First I ordered the numbers
2,3,3,5,5,5,6,7,7,8,10,13
I got the same median = 5.5
but for the IQR I got = 3.5
1st quartile = 4
3rd quartile = 7.5
IQR= 3.5
At6:11you can see the results of the spreadsheet
1st quartile = 4.5
3rd quartile = 7.25
IQR = 2.75
Is there a difference in how the spreadsheet computes the 1st and 3rd quartiles?(13 votes)
The Excel function QUARTILE is considered inaccurate. It treats the quartile like a percentile and then use linear interpolation to get the output. It's newer version QUARTILE.EXC is more preferable.
https://superuser.com/questions/343339/excel-quartile-function-doesnt-work
The algorithm of QUARTILE.EXC can be described somewhat like below:
- Calculate i = (n-1)/4
- 1st quartile = [i]th number + {i} * ([i+1]th number - [i]th number).

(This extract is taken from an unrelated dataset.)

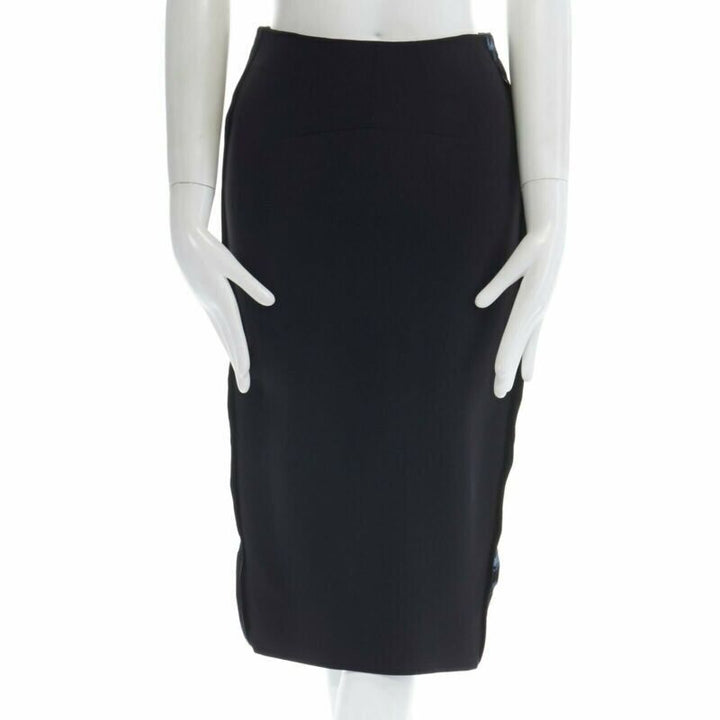 VICTORIA BECKHAM black silk wool lacquared fabric trimmed side pencil skirt 25"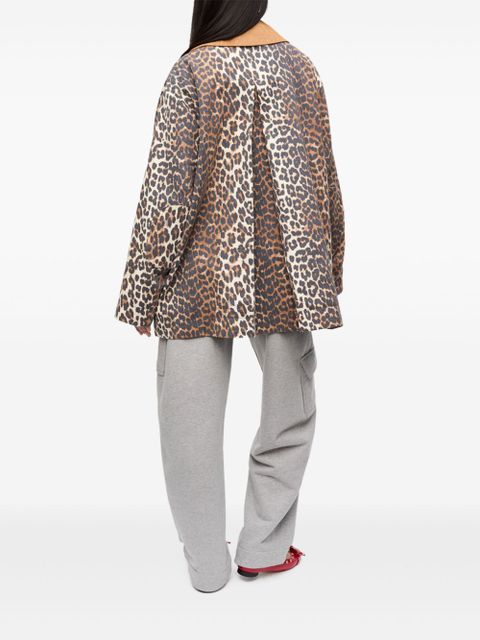 GANNI leopard-print bomber jacket - Brown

Where [i] = the integral part of i, {i} = the decimal part of i.
- 2nd (or 3rd) quartile: Multiply i by 2 (or 3), then do the same process.
For example, in the lesson we have a set of data: 2,3,3,5,5,5,6,7,7,8,10,13
i = (12 + 1)/4 = 3.25
3 * i = 9.75
1st quartile = 3 + 0.25 * (5 - 3) = 3.5
3rd quartile = 7 + 0.75 * (8 - 7) = 7.75
IQR = 7.75 - 3.5 = 4.25
* Tested using QUARTILE.EXC in Excel.
An alternative recursive algorithm can be used where the data set is splitted into halves to find the median of each half, which is similar to what Sal taught.
Both algorithms produce values that separate the data set into groups of 25%. The algorithm implemented in QUARTILE doesn't.(16 votes)
Here how standard deviation is scaling if we scale data? If i add 5 to all data, SD is not increasing but if we multiply its increasing. But Multiplication is repeated addition, its same thing like adding 5 five times, then why it is scaling?(5 votes)- Because...
Say for example I have 4 and 8. The difference is 4, or in other words they are 4 apart. The ratio between them is 1 to 2 (8 = 2x4).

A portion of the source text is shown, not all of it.